Aims. A broad set of interior structure models is presented here that illustrates the dependence of internal composition and possible phases of water occurring in presumably water-rich planets, such as GJ436b on the uncertainty in atmospheric temperature profile and mean density. We show how the set of solutions can be narrowed down if theoretical constraints from formation and model atmospheres are applied or potentially observational constraints for the atmospheric metallicity Z1 and the tidal Love number k2.
Methods. We model the interior by assuming either three layers (hydrogen-helium envelope, water layer, rock core) or two layers (H/He/H2O envelope, rocky core). For water, we use the equation of state H2O-REOS based on finite temperature – density functional theory – molecular dynamics (FT-DFT-MD) simulations.

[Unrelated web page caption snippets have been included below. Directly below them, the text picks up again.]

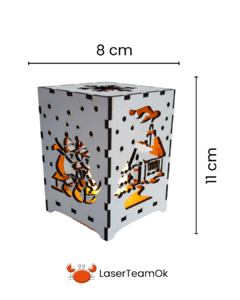 Adorno Navideño Cajita Con Luz En Mdf De 3mm - comprar online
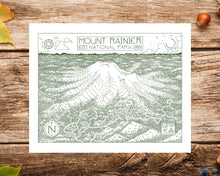 Load image into Gallery viewer, Mount Rainier National Park Map Hand-Drawn Print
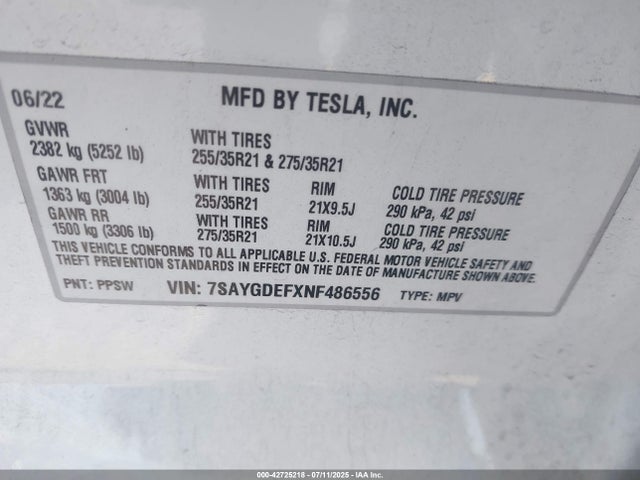 2022 TESLA MODEL Y 7SAYGDEFXNF486556 Photo 8
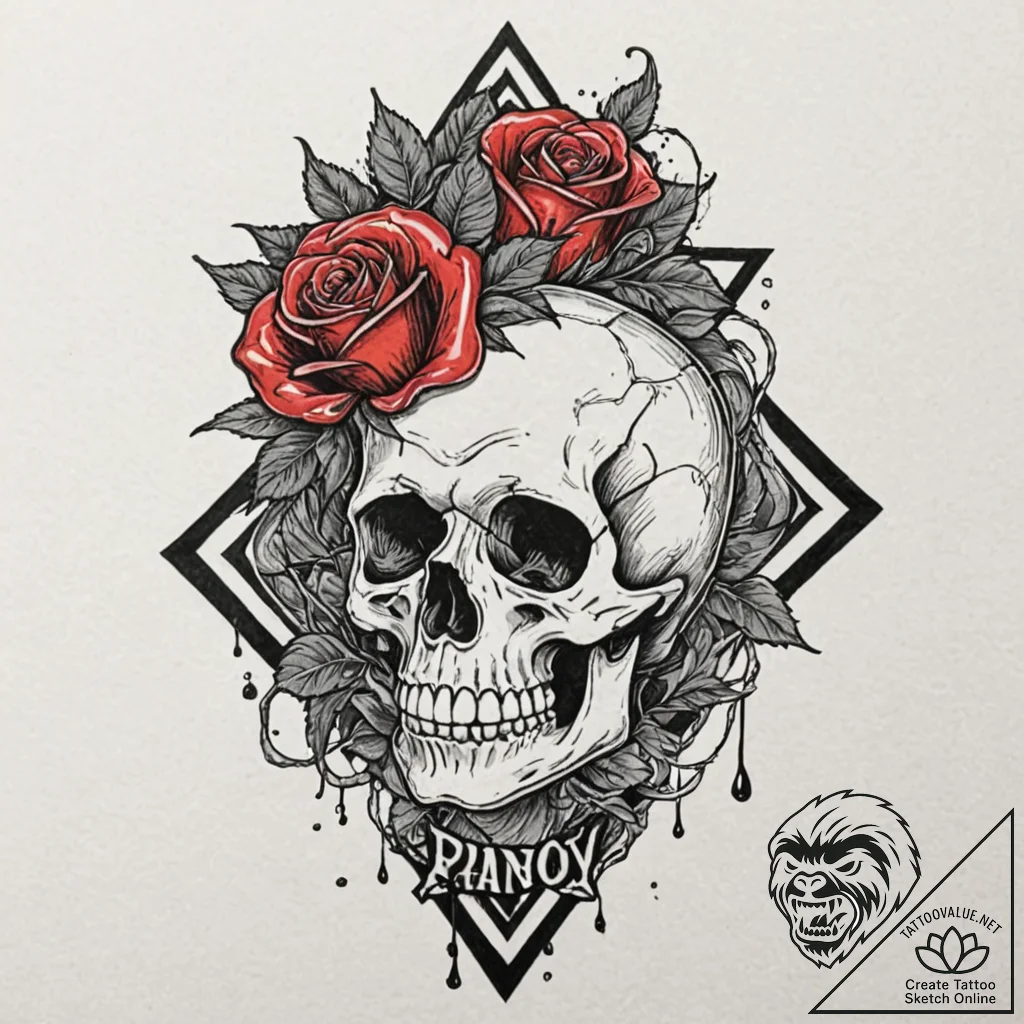 A trash polka composition of noho hank from b... - tattoo sketch (№1752986683_0, 20.07.2025 04:44) — tattoovalue.net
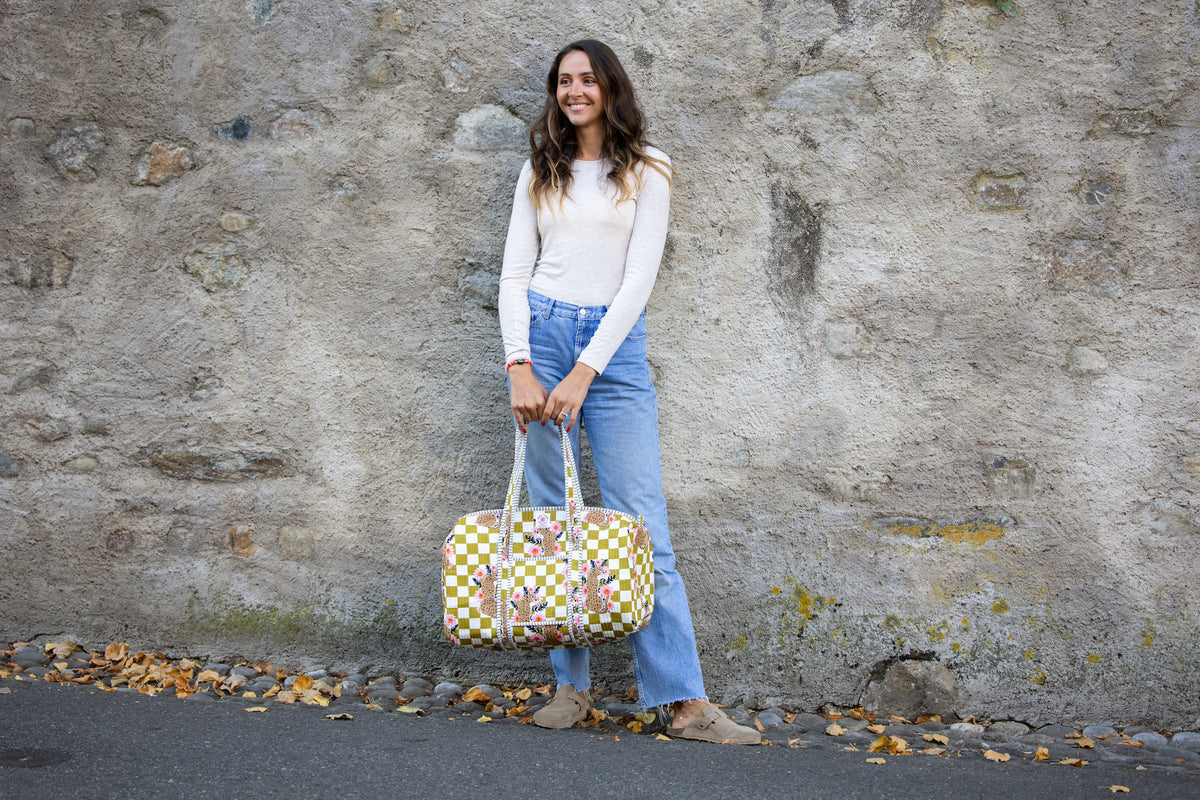 Sac de voyage carreaux Léopard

Results. Some admixture of H/He appears mandatory for explaining the measured radius. For the warmest considered models, the H/He mass fraction can reduce to 10-3, still extending over ~0.7R⊕. If water occurs, it will be essentially in the plasma phase or in the superionic phase, but not in an ice phase. Metal-free envelope models have 0.02 < k2 < 0.2, and the core mass cannot be determined from a measurement of k2. In contrast, models with 0.3 < k2 < 0.82 require high metallicities Z1 < 0.89 in the outer envelope. The uncertainty in core mass decreases to 0.4Mp, if k2 ≥ 0.3, and further to 0.2Mp, if k2 ≥ 0.5, and core mass and Z1 become sensitive functions of k2.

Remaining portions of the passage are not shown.